Deep Pockets for Deep Learning
As for the brainpower component, Montréal’s reputation as a mecca for artificial intelligence is moving forward at a gallop. The University of Montréal and Montréal’s McGill University reportedly have 150 researchers between them advancing exploration into deep learning, the emerging field of science aimed at designing computers that can understand language and make decisions on their own. Last September, Canada’s federal government announced AI grants totaling $213 million at the two universities, and at Polytechnique Montréal and HEC Montréal, a French-language business school.
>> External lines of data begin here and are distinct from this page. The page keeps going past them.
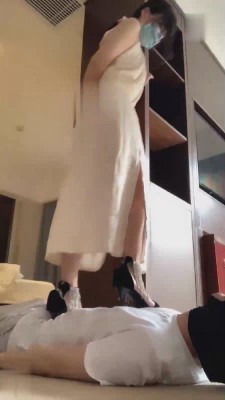 【宝爷】御姐高跟凉鞋全体重踩踏 bf17622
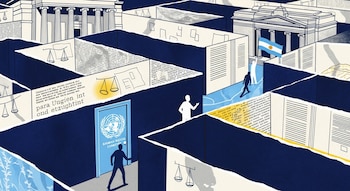 Ilustración de un laberinto con paredes de documentos legales, una puerta del Comité de Derechos Humanos de la ONU, un tribunal argentino y siluetas de personas.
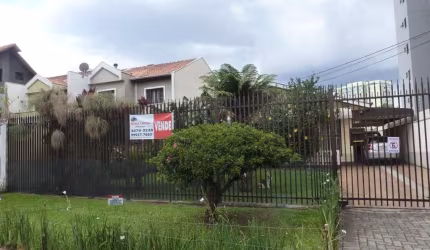 TERRENO A VENDA NO BAIRRO PORTÃO, A MEIA QUADRA DA RUA JOÃO BETTEGA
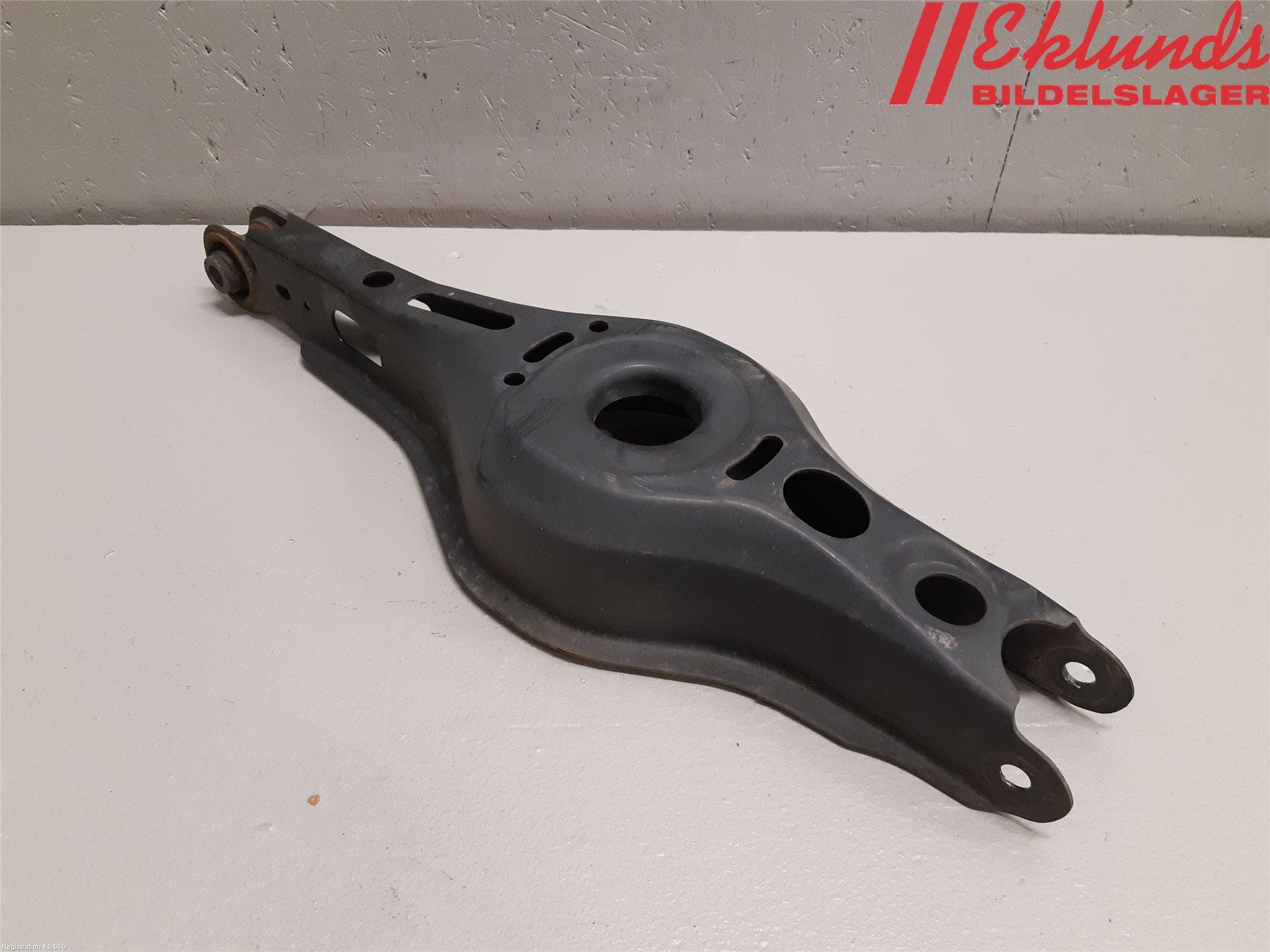 Toyota COROLLA 19- Bärarm Bak Höger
The AI cluster in many ways parallels a similarly growing cluster of quantum computing expertise in Ontario’s Kitchener-Waterloo region.
“From big data to brain health, the areas of research will pave the way for new discoveries and innovative practices,” said Marie-Claude Bibeau, Canada’s Minister of International Development and La Francophonie. “These major investments,” said Bibeau, “will help these institutions emerge as leaders in these fields and attract the most brilliant researchers here.” University of Montréal rector Guy Breton called it “the most important investment we’ve had in the history of Montréal.”
U de M Professor Yoshua Bengio, who along with Canada’s Geoffrey Hinton is considered one of the founders and leading lights of the AI movement, says the metro area already hosts the largest concentration of AI researchers in the world. In October, Bengio, who heads the university’s Institute for Learning Algorithms, announced the founding of Element AI, a startup incubator devoted to helping entrepreneurs in the field of deep learning. Microsoft quickly committed an undisclosed investment in Element AI, offered the venture access to its technology, and scooped up Bengio as an adviser.
In January, Microsoft also announced the acquisition of Montréal-based startup Maluuba, a front-running deep learning enterprise. Maluuba’s engineering and research team will join Microsoft’s Artificial Intelligence and Research Group. Harry Shum, the group’s executive vice president, said in a blog post: “Maluuba’s vision is to advance toward a more general artificial intelligence by creating literate machines that can think, reason and communicate like humans — a vision exactly in line with ours.”
Maluuba’s co-founders Kaheer Suleman and Sam Pasupalak, graduates of the University of Waterloo, Ontario, said in a statement that access to Microsoft’s resources will help accelerate their research.
“Canada’s academic, enterprise and startup ecosystems are driving great innovation in fields like AI,” they said, “demonstrating that Canada, and more specifically Montréal, can be a compelling alternative to Silicon Valley.”